Igual la magia no era aquella relación que viviste sino que eras tú quien la llevabas dentro, pero a veces cuesta un tiempo ser capaz de verlo.
Cuando dijiste que juntos hacíamos magia, me lo llevé a lo místico y lo divino.
Pensé en nuestra historia contada en las estrellas, transmitida en leyendas, removiendo el mundo.
Imaginé el lazo rojo ese del que hablan. Pensé que estábamos por encima de todo y que nada podía pararnos.
Pero no hablabas de esa magia. Lo hacías de la de chistera y conejo, de esa en la que eras maestro: ahora me ves y ahora… ya no me ves. Desaparezco.
Cuando la que realmente no era vista era yo.
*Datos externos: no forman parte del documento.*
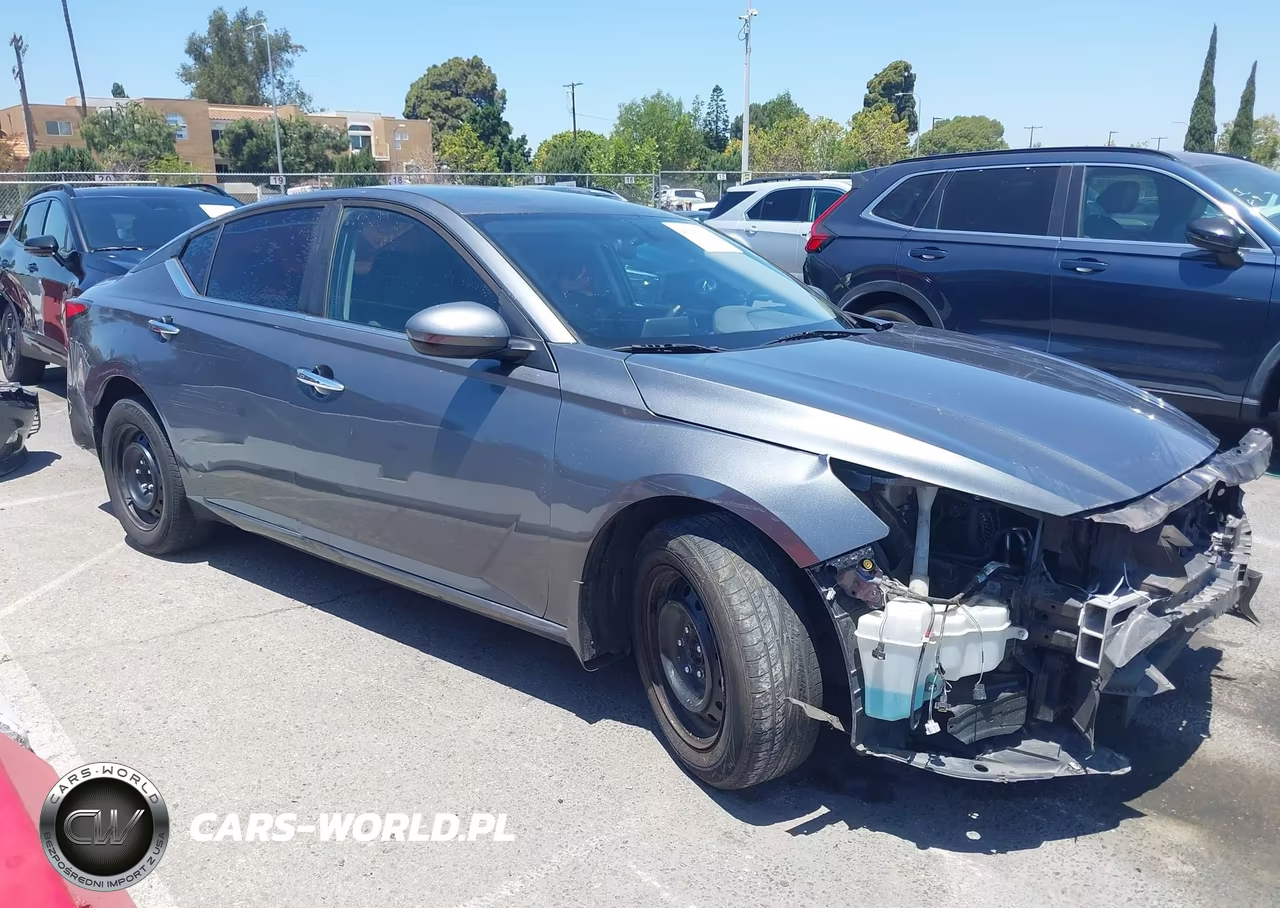 2020 Nissan Altima S Fwd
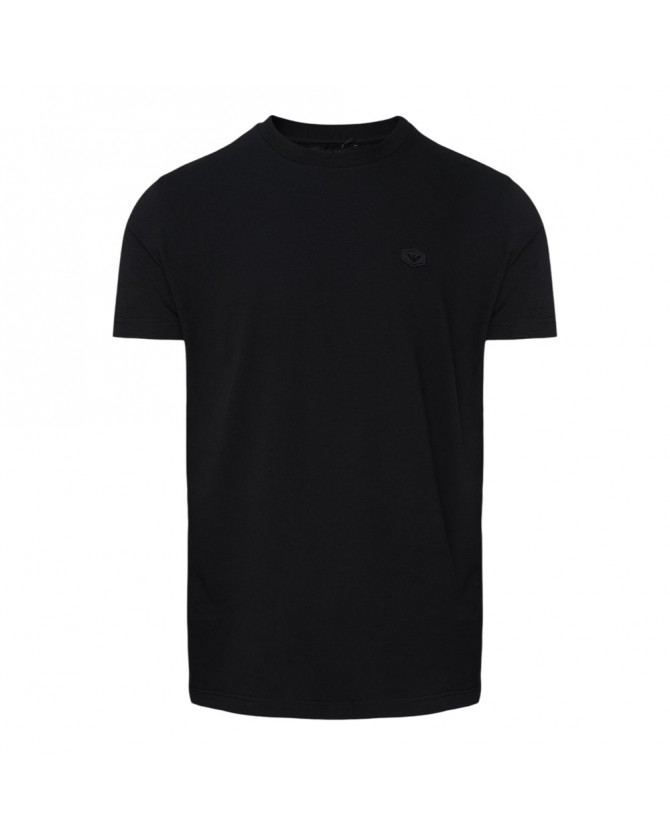 T-shirt Emporio Armani Μαύρο 8N1TQ61JRGZ-0999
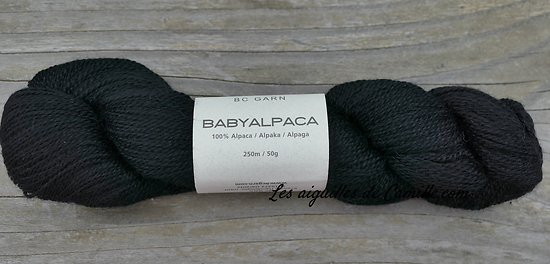 Babyalpaca Noir (n°36)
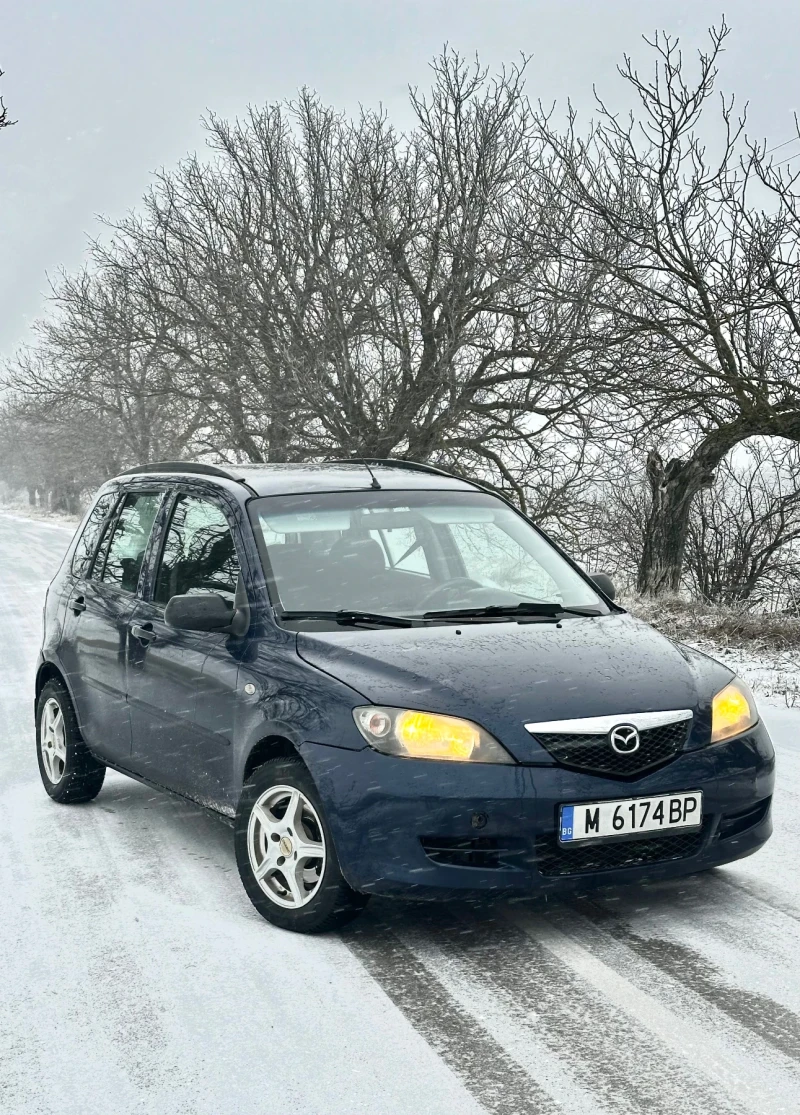 Mazda 2 1.4hdi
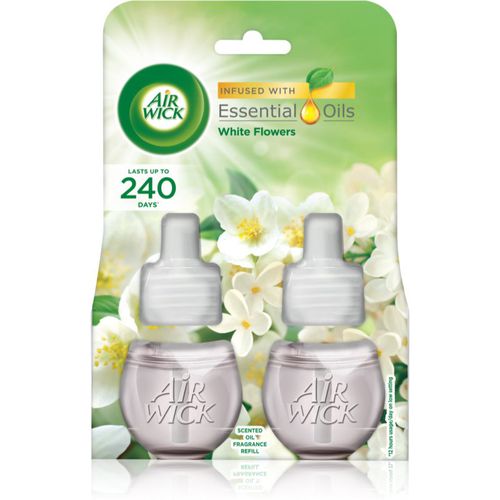 White Flowers Duo Füllung für elektrischen Diffusor 2x19 ml - Air Wick - Modalova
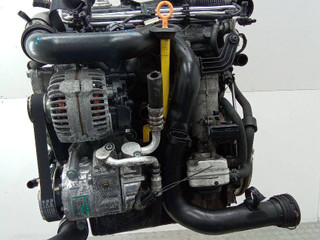 патрубок интеркулера Volkswagen Touran 1 поколение 2006, 1.9 л., дизель, МКПП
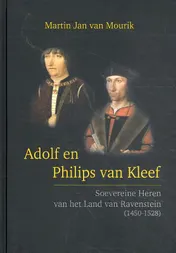 Omslag van Adolf en Philips van Kleef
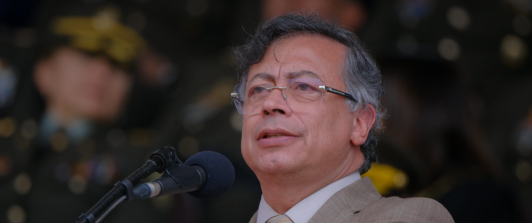 presidente Gustavo Petro Urrego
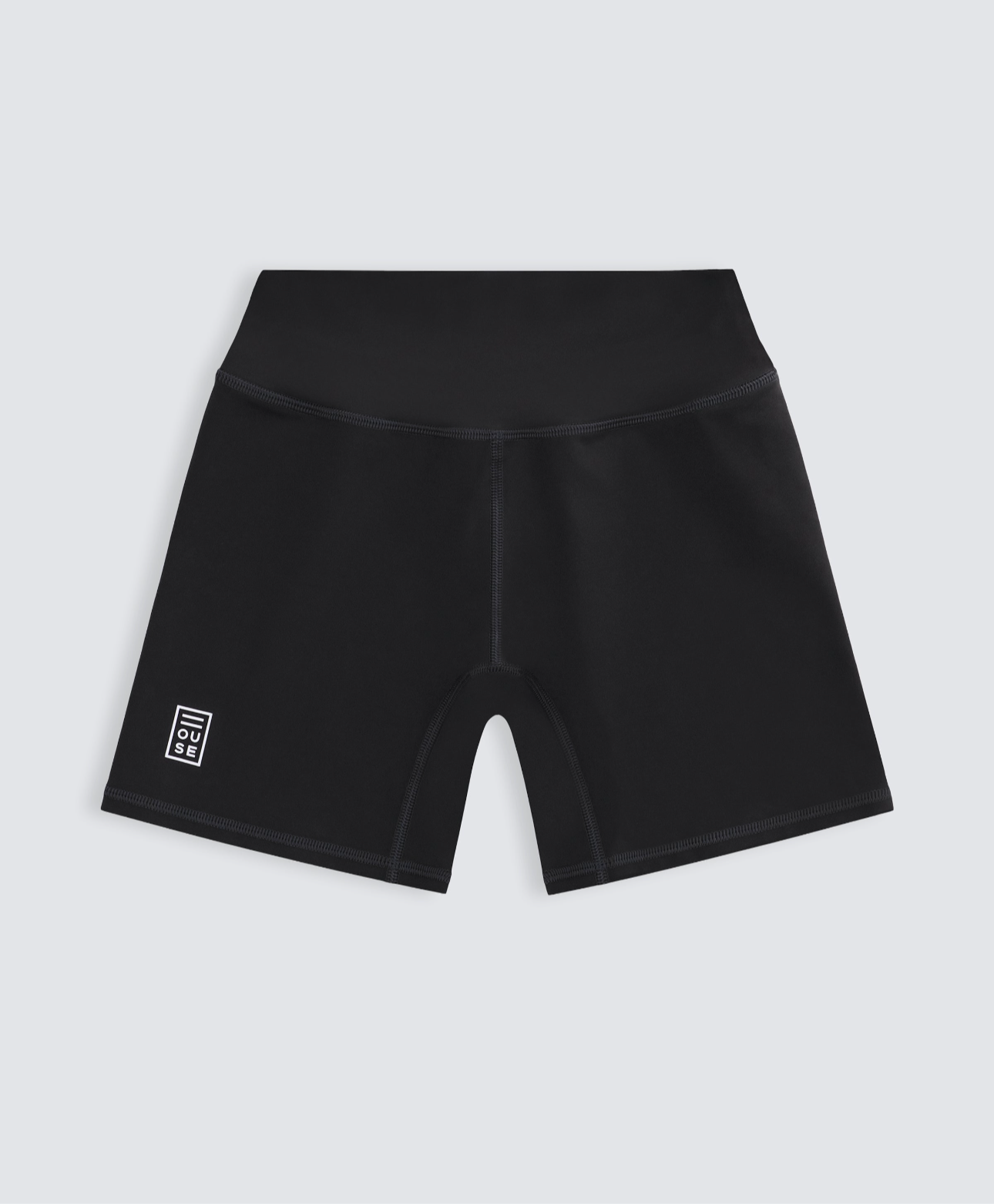 HOUSESoft 5.5" Bike Short - Black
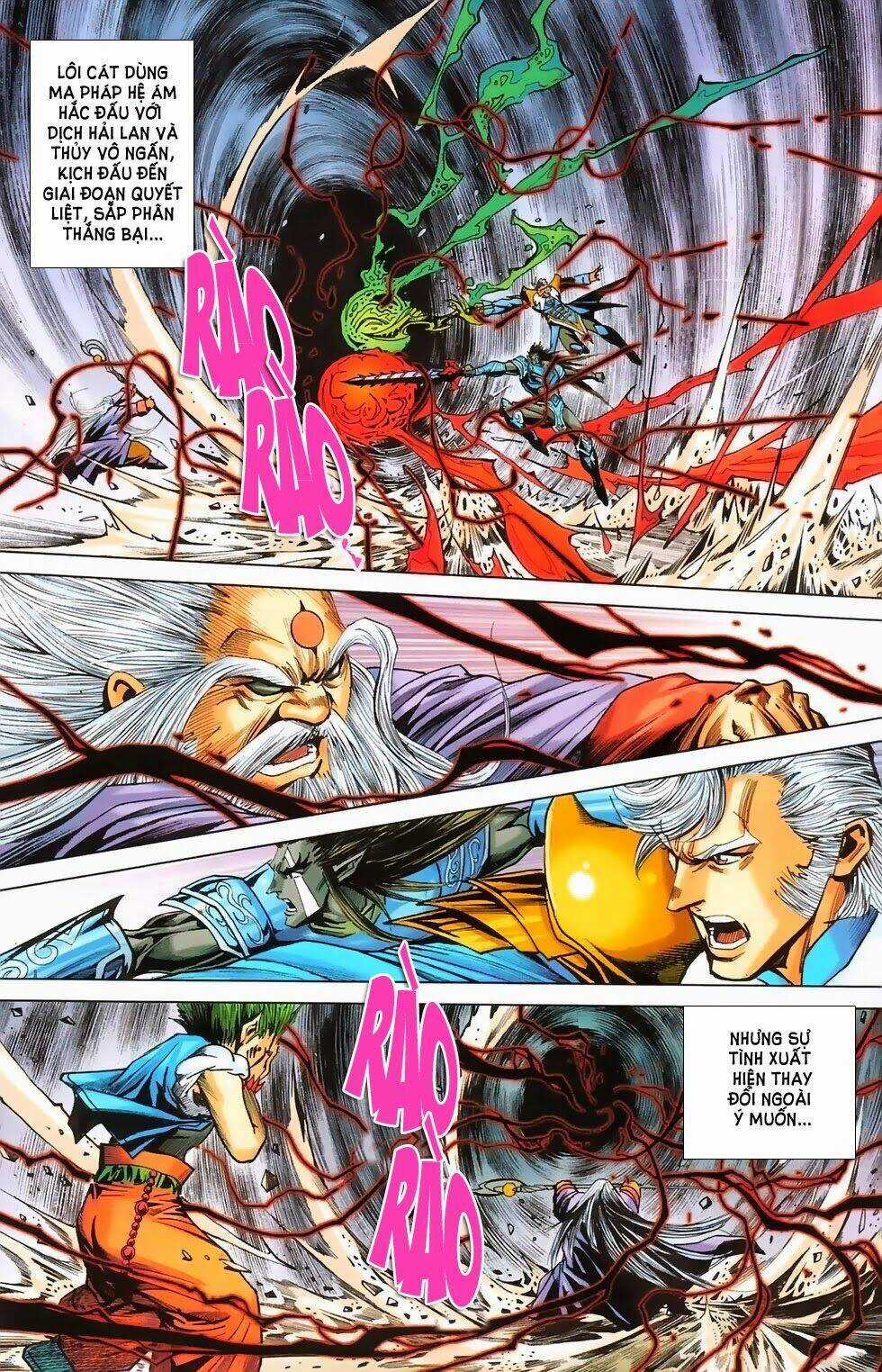 Dong Binh Thiên Hạ Chapter 66 trang 2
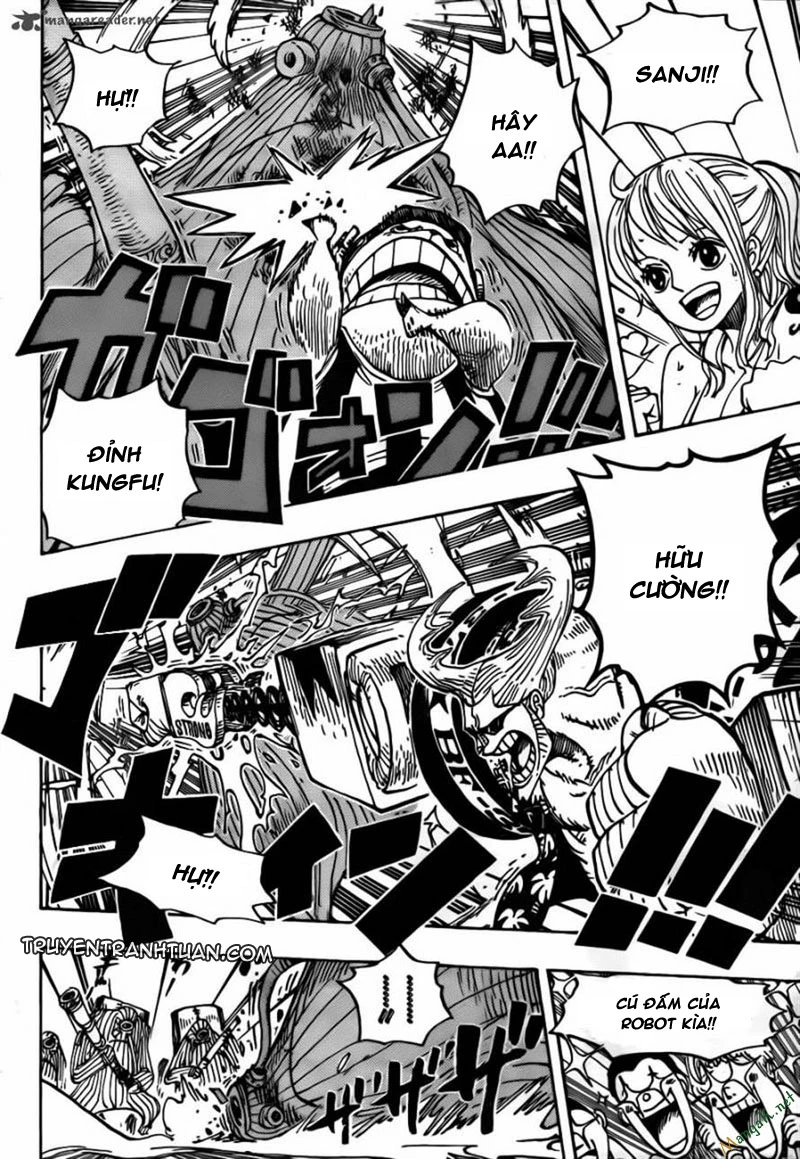 One Piece Chapter 658 - 10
Me convertiste en la mujer dispuesta a ser cortada en dos por una sierra.
Preparada para meterme en un cubo lleno de agua, amarrada con cadenas y un candado.
Se corre el telón y ahí desaparezco yo, sin respirar, intentando soltar aquello que me ata.
Rezando a una deidad en la que no creo para que, cuando se abra el telón de nuevo, esté fuera, respirando y con una sonrisa, por supuesto.
Magia.
Ese era nuestro lazo rojo, una cadena.
Esa era tu idea de magia.
No contaste con qué saliese corriendo, con qué abriese los ojos, liberase los pájaros, marcase las cartas y huyera.
Para encontrarme conmigo. Con lo que quería, lo que valía y lo que merece la pena.
Cuidándome, queriéndome y sabiendo descifrar cualquier jeroglífico que se me pusiera por delante.
Mirando a las demás de otra manera. Sintiendo una conexión, un magnetismo. Esa sororidad que provoca el haber vivido lo mismo.
Eso sí que son lazos rojos.
Mirarme y, por una vez, verme.
Mirarlas y vernos.
Eso. Eso es la magia.
Que se cierre el telón. Se acabó tu actuación.